The combination of thick marine soft soils, deep excavations and complex construction procedures makes the Sanya Estuary Channel particularly sensitive to deformation. Conventional geodetic techniques such as spirit leveling and GNSS can provide millimeter-level accuracy at discrete benchmarks, but they are difficult to deploy with sufficient density and continuity along a 3.1 km estuarine corridor that crosses waterways, reclaimed platforms and densely built-up areas. In contrast, time-series interferometric synthetic aperture radar (InSAR) offers wide-area coverage, millimeter-scale sensitivity and all-weather acquisition capability, enabling the detection of subtle surface and structural deformations over the entire corridor. In this study, we therefore employ a joint PS- and SBAS-InSAR framework to obtain long-term, high-resolution deformation fields as the basis for construction safety assessment and subsequent operation and maintenance of the Sanya Estuary Channel.
2.2. Data Sources
For the Sanya Estuary Channel study area, a total of 65 Sentinel-1A ascending-orbit SAR images covering the Sanya region from September 2022 to August 2025 were collected as the primary data source. Sentinel-1A operates in C-band and, in this study, the Interferometric Wide Swath (IW) mode with VV polarization is used, providing a nominal ground-range by azimuth resolution of approximately 5 m × 20 m, a 12-day revisit interval, and an incidence angle of about 39°.

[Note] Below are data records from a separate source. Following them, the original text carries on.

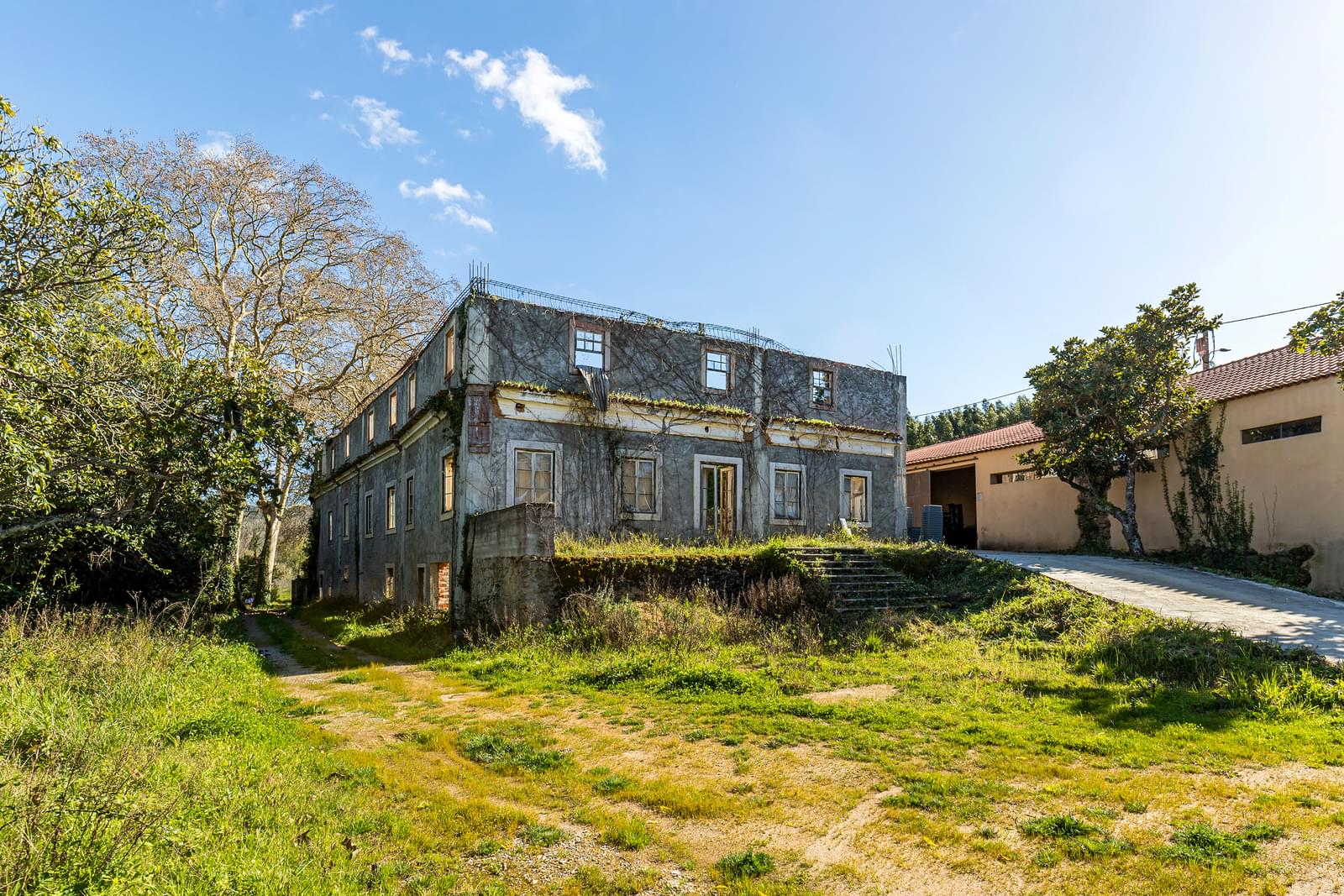 Загородный дом для продажи в Sintra 14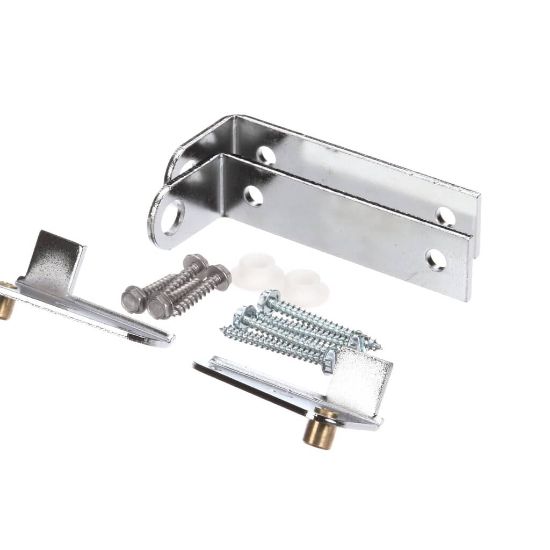 Picture of Delfield Kit Lo Profile Hinge Re Placeme Part# 0420068-S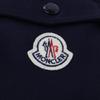 Moncler MONTGENEVRE Wool Hooded Down Jacket Jacket 2 NavyUsed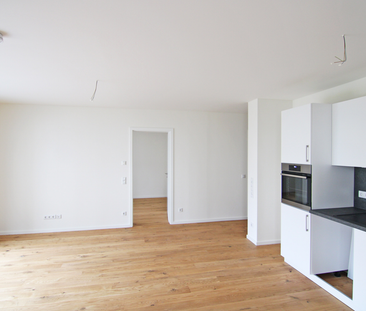 Sensationeller Familientraum im Erstbezug mit großer Terrasse, hoch... - Photo 5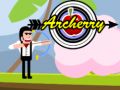ゲームアーチェリーオンライン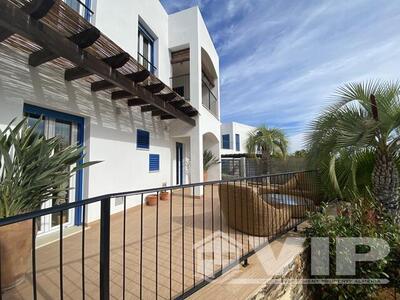 VIP7869: Villa te koop in Mojacar Playa, Almería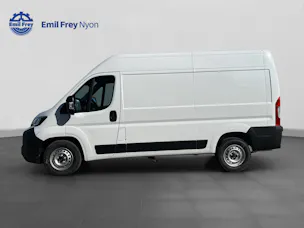 Citroën Jumper Kaw. 35 L2H2 2.2 BlueHDi 140 S/S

To ensure high processing accuracy, several auxiliary datasets were also employed. Precise orbit ephemerides obtained from the Copernicus data hub were used to reduce orbital errors, and the ASTER GDEM v3 with a spatial resolution of 30 m, downloaded from the Geospatial Data Cloud, served as the digital elevation model (DEM) for removing topographic phase contributions. In addition, geological investigation reports, construction logs and daily rainfall records for the Sanya Estuary Channel were compiled and used to assist the interpretation of deformation patterns and to analyze the potential driving factors. Sentinel-1A has a nominal 12-day repeat cycle. However, over our study area the Sentinel-1 archive does not provide acquisitions for every nominal cycle (i.e., some scenes are simply not available in the archive for the corresponding dates). Therefore, the acquisition dates used in this study are not strictly spaced by 12 days, as shown in
Table 1.
3. Methodology
This study integrates SBAS-InSAR and PS-InSAR time-series analysis techniques and utilizes Sentinel-1A SAR imagery acquired between September 2022 and August 2025. Through a series of processing steps—including precise orbit correction, phase unwrapping, and atmospheric delay mitigation—surface deformation across the study area was systematically retrieved. Methodologically, PS-InSAR focuses on the high-precision detection of permanent scatterers such as buildings and road structures, whereas SBAS-InSAR enhances deformation monitoring over natural surfaces by optimizing the combination of short spatiotemporal baseline interferometric pairs. On this basis, representative feature points were selected for time-series deformation analysis to reveal their dynamic evolutionary behavior. Finally, InSAR-derived deformation results were integrated with geological investigation data, rainfall records, and construction information for multi-source data integration and spatial correlation analysis, enabling systematic identification of dominant deformation drivers and providing scientific guidance for safety risk prevention of the Sanya Estuary Channel Project. To improve engineering transparency, we provide an overall workflow diagram (
Figure 2) summarizing the complete pipeline from data inputs to InSAR processing, engineering interpretation, and management-oriented outputs. Auxiliary engineering/geological and construction information (
Table 2 and
Table 3) is used as input for the interpretation stage.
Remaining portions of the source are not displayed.